I rolled my eyes. "Make me."

"If you say so...." the girl murmured, and smiled widely.

Something hit the back of my head. I turned, and the teddy bear was on the bed, but not on the pillow.

"What the freak?" I muttered.

Something moved in the dark room. A figure, like a tall man.

"We don't take kindly to mortals messing with our home," the figure said, shifting again. "But you're an exception. A rude one, I may say. Melinoe would not be happy with us if we beat up her-- her, eh, niece?"

"Who the freak is Melinoe?"

The girl looked past me, right at the figure in the dark corners of the room. "Told you she'd be stupid, Daddy."

"What? HEY! YOU'RE ALL PROBABLY ILLUSIONS! MAYBE I AM SCHIZOPHRENIC! Now, pick up your stupid asses and LEAVE ME ALONE!"

"Terra?" Harold called. I listened as he began climbed the stairs. "Terra, are you alright?"

The girl and the figure looked at each other, and then I blinked. They were gone.

"Terra? Where are you?"

"In the nearest room to the stairs, Harold." I scowled. Maybe I was just, like, imagining things.

"There you are." Harold poked his head into the doorway. "You alright? You were screaming up quite a storm in here."

My face darkened. "Well, now I really think I'm schizophrenic.

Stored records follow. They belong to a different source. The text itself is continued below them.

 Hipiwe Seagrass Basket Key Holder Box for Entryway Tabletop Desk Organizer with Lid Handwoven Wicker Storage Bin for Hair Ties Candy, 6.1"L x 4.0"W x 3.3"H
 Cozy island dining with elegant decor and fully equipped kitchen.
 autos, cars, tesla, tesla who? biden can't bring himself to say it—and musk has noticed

I kept hearing these, like, voices in here, and they just...."

"Who are 'they'?"

"You wouldn't understand."

"Then make me understand, Terra. You can tell me. I won't tell your parents or Nina."

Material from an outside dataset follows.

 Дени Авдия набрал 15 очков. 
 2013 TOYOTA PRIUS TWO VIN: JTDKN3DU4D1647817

I sighed, lowering my eyes. "Well, I just touched the teddy bear.... Then this, like, transparent little girl appeared in the doorway. We argued for a bit, and then her 'daddy' appeared. He mentioned Melinoe or something. Do you know who she is?"

When I looked up, Harold looked pale. "Er, yes. Yes I do," he replied. "She's a good friend of mine. But that d-doesn't matter. W-we should leave."

I frowned. "But it was your idea to come here. Don't you still want to, like, see if this place is haunted?"

Harold shook his head vigorously. "Nina has enough evidence to be un-skeptical. Now, let's go, shall we?"

I shrugged as he began descending the stairs again, and sighed.

I'm going insane. Somebody PLEASE put me out of my misery.